Activity: Everything from the line with "Vakman ondernemer: Werkboek" down to the line with "Unleashing Indian Telecom" below must be printed exactly, those two lines included. Exclude pictures.

Input data:
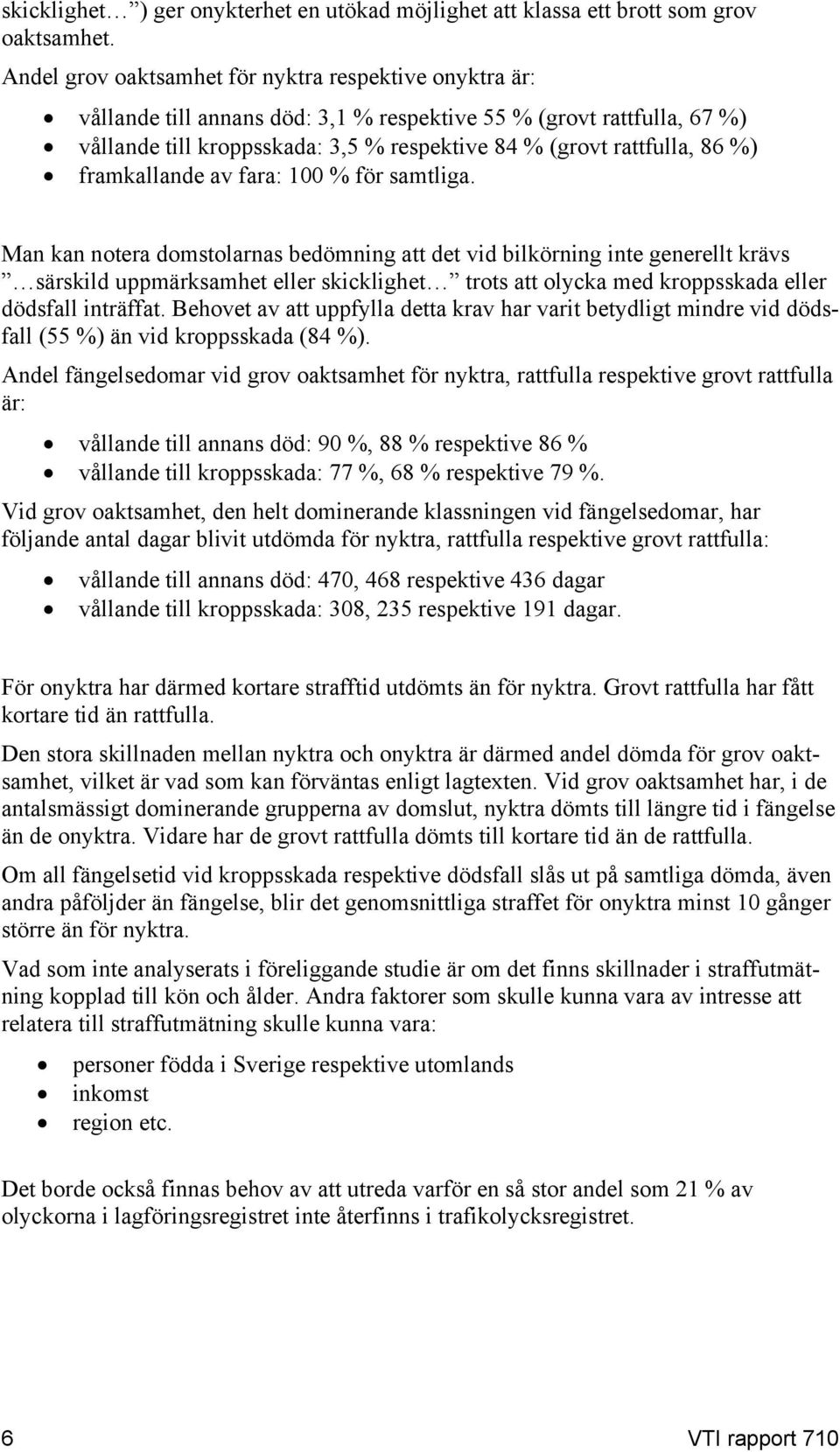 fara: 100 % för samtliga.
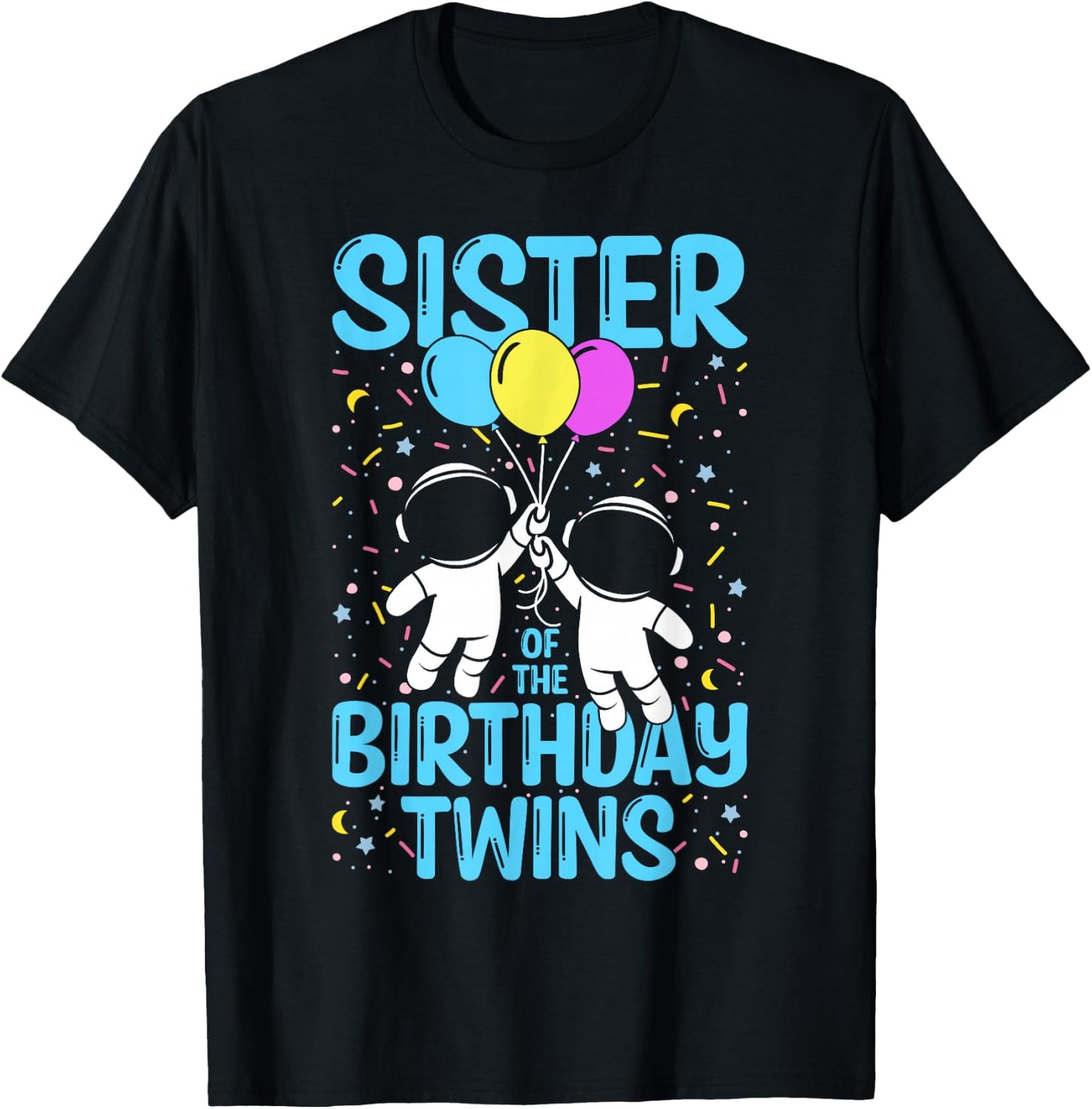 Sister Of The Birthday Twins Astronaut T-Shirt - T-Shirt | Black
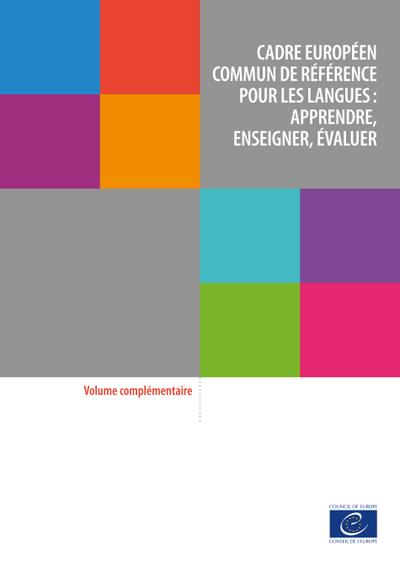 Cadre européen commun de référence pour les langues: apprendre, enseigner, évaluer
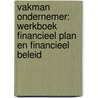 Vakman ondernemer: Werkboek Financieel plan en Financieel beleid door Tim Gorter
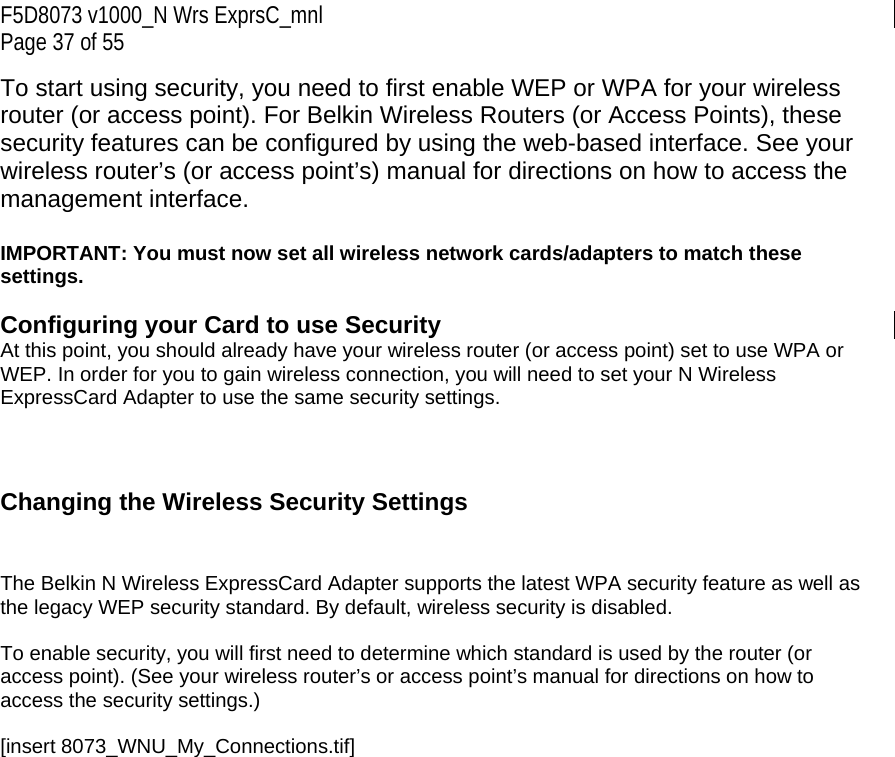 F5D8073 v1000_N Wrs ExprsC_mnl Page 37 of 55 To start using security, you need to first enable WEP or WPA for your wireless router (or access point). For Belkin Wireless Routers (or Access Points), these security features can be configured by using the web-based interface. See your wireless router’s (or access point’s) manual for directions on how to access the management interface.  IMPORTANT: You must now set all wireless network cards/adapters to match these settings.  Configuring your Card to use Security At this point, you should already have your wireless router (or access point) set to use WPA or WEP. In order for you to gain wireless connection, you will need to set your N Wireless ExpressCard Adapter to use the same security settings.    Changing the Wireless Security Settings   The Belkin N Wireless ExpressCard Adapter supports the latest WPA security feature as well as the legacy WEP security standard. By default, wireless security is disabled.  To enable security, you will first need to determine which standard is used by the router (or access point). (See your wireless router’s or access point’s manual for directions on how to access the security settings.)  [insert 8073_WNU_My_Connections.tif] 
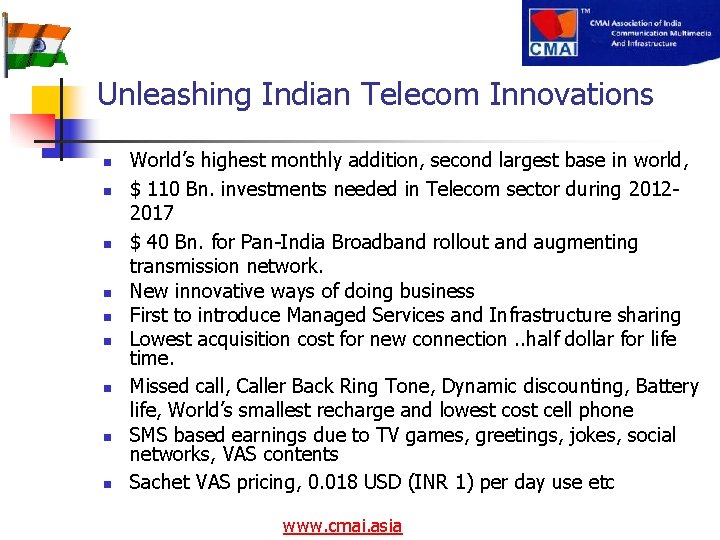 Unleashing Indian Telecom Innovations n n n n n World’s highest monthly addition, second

...

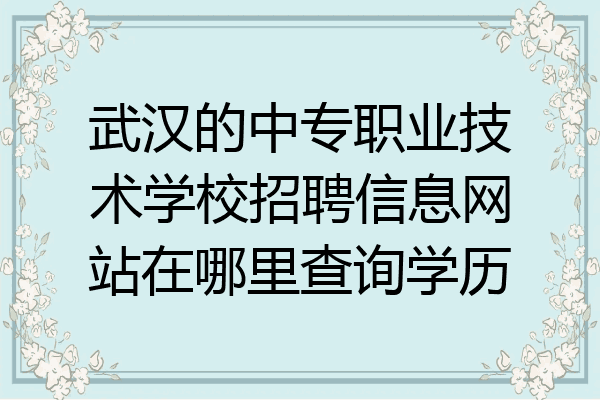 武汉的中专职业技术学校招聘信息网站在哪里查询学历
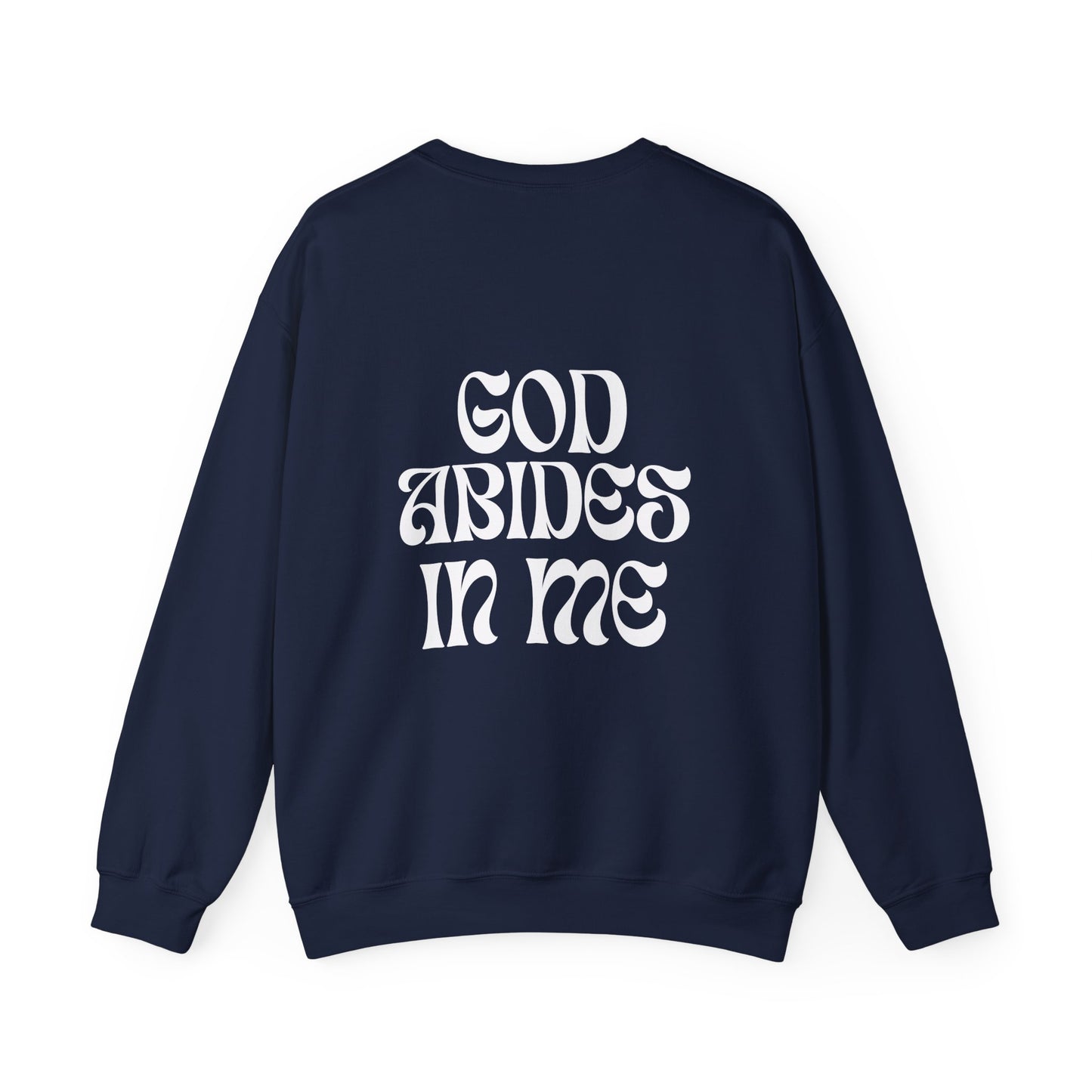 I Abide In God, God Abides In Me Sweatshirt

Your solution:
 Vakman ondernemer: Werkboek Financieel plan en Financieel beleid door Tim Gorter
 F5D8073 v1000_N Wrs ExprsC_mnl Page 37 of 55 To start using security, you need to first enable WEP or WPA for your wireless router (or access point). For Belkin Wireless Routers (or Access Points), these security features can be configured by using the web-based interface. See your wireless router’s (or access point’s) manual for directions on how to access the management interface.  IMPORTANT: You must now set all wireless network cards/adapters to match these settings.  Configuring your Card to use Security At this point, you should already have your wireless router (or access point) set to use WPA or WEP. In order for you to gain wireless connection, you will need to set your N Wireless ExpressCard Adapter to use the same security settings.    Changing the Wireless Security Settings   The Belkin N Wireless ExpressCard Adapter supports the latest WPA security feature as well as the legacy WEP security standard. By default, wireless security is disabled.  To enable security, you will first need to determine which standard is used by the router (or access point). (See your wireless router’s or access point’s manual for directions on how to access the security settings.)  [insert 8073_WNU_My_Connections.tif] 
 Unleashing Indian Telecom Innovations n n n n n World’s highest monthly addition, second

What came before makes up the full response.